Frequent deployments overseas to Iraq and Afghanistan have seriously depleted Guard equipment. Before Sept. 11, 2001, Guard units not on active duty had about 75 percent of their equipment available for use. Now they have less than 34 percent, said North Carolina Gov. Michael Easley (D), the lead governor on National Guard issues for the NGA.
President Bush's recent decision to send 6,000 National Guard troops to help stop illegal immigration at the U.S.-Mexican border has added an additional strain to already depleted troops, just as states are preparing to face the next hurricane season, which started June 1.
"Don't have enough soldiers to fight the war? Call up the Guard. Don't have enough border patrols to secure the border? Call up the Guard. We've been stretched way too thin and we just can't continue" to be deployed at these levels, Easley said. More than 80 percent of the of the nation's 460,000 Air and Army National Guard troops have been deployed since the 2001 terrorist attacks.
Although some hurricane-prone states, such as North Carolina, have been getting accelerated equipment deliveries from the Pentagon, four of the state's helicopters will not be returned from Iraq until the end of the summer, Easley said.
"Hopefully we can hold the hurricanes off until then," he said.
Last week the commission released a preliminary report outlining changes it would consider rfor the Guard and Reserve forces, including a need to end confusion over which branch of government is in charge during catastrophic disasters.
The report did not spell out a solution, although after Katrina others have suggested giving the Pentagon primary authority over the Guard during domestic emergencies, a power now reserved to governors. Minner and Easley said governors will not give up their authority over the Guard and instead favor adding the power to take charge of active duty forces.
"(The governors) know what's needed in cases of emergency.
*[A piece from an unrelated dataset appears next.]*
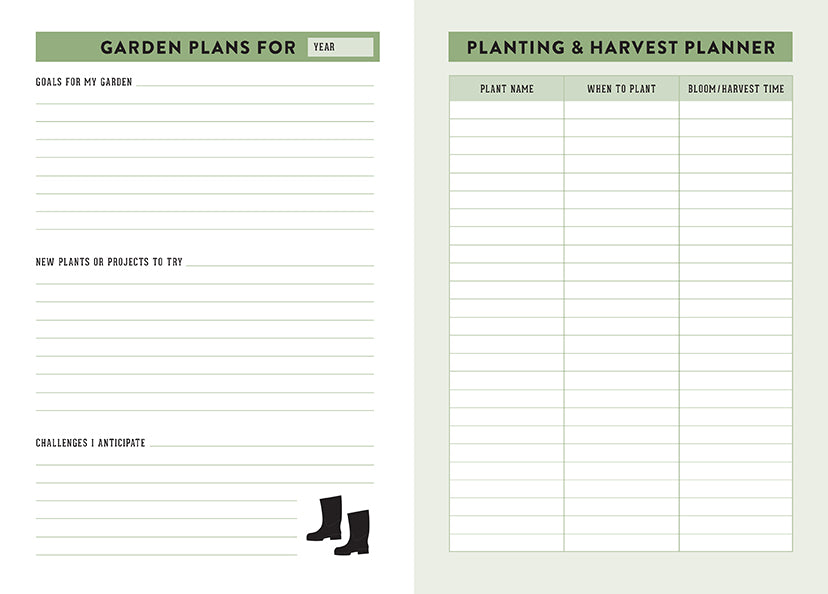 The Gardener's Journal Flexibound Book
We've developed our homeland security plans, and we've got the maps and the know-how to respond to emergencies in our states," Minner said.
The commission's sweeping review of the Guard and Reserve also will consider upgrading benefits and compensation for troops and incentives for employers to hire Guard members; lengthening the 39-day training period for part-time troops, and finding a way to balance the Guard's dual role in the overseas war on terror and security and emergency duties at home.
The commission is expected to wrap up its work with recommendations to Congress by March 2007.